MoneyReload logo
MoneyReload

Should You Make Prepayments In Your Home Loan?

15 March 2025
Pradeep Jadhav
3 min read

Should You Make Prepayments In Your Home Loan?

Understanding Home Loans

A home loan is a secured loan taken from a bank or financial institution to purchase a property. Unlike personal loans, which have higher interest rates and shorter tenures, home loans come with lower interest rates and longer repayment periods, making them more manageable for borrowers.

Interest Rates and Loan Tenure

Home loan interest rates in India generally range from 7% to 10% per annum, significantly lower than personal loans, which often exceed 12-15%. Common tenures for home loans include:

  • 10 years: Higher EMI, lower total interest paid.
  • 20 years: Balanced EMI with moderate total interest.
  • 30 years: Lower EMI, but significantly higher total interest paid.

Longer tenures make monthly payments affordable but result in higher overall interest costs.

What is Home Loan Prepayment?

Prepayment refers to paying an additional amount over the regular EMI to reduce the outstanding loan balance. Prepayments can impact your loan in two ways:

  1. Reducing Tenure: Your EMI remains the same, but the number of EMIs decreases.
  2. Reducing EMI: Your tenure remains the same, but your EMI amount reduces.

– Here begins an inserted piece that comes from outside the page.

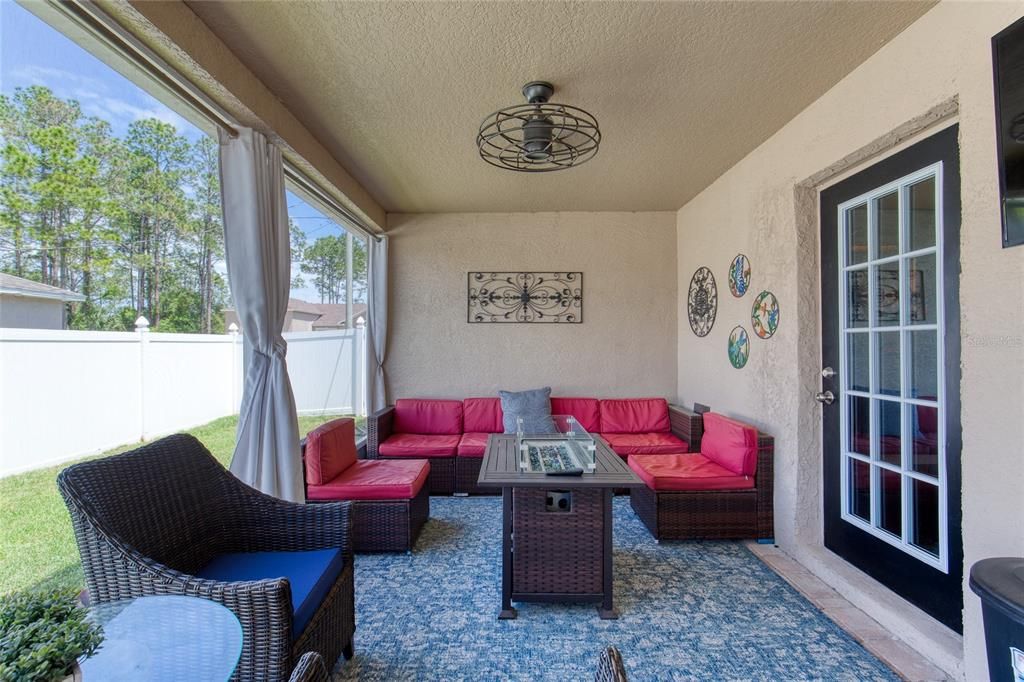 En Venta: $569,900 (4 camas, 2 baños, 2907 Pies cuadrados)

How Much and How Often Can You Prepay?

Most banks allow partial prepayments without penalties, especially on floating-rate loans. Some guidelines include:

  • No restriction on prepayment amount, but some banks require a minimum amount (e.g., 1 or 2 EMI equivalents).
  • You can prepay multiple times a year.
  • Ideally, prepay during the initial years when interest forms the largest part of EMI payments.

Should You Prepay Your Home Loan?

So, what is the right approach? Should you prepay your home loan, and if so, how much? The answer depends on several factors, including the remaining tenure, loan amount, interest rate, and your financial knowledge. If your loan tenure exceeds 20 years, prepayment can be a wise choice. Similarly, if your interest rate is above 10%, paying off your loan early can save a significant amount in interest. However, if you have the expertise to invest the surplus funds and generate higher returns than your loan's interest rate, investing might be the better option. Let's explore this further with a case study:

Case Study: Loan Prepayment vs Investment

Consider a ₹50 lakh home loan at 8% interest for 20 years. The EMI is approximately ₹41,822. By the third year, the borrower decides to prepay ₹1 lakh.

Impact of Prepayment:

  • Loan tenure reduces by 6-8 months.
  • Total interest saved: ₹3-4 lakh over the loan period.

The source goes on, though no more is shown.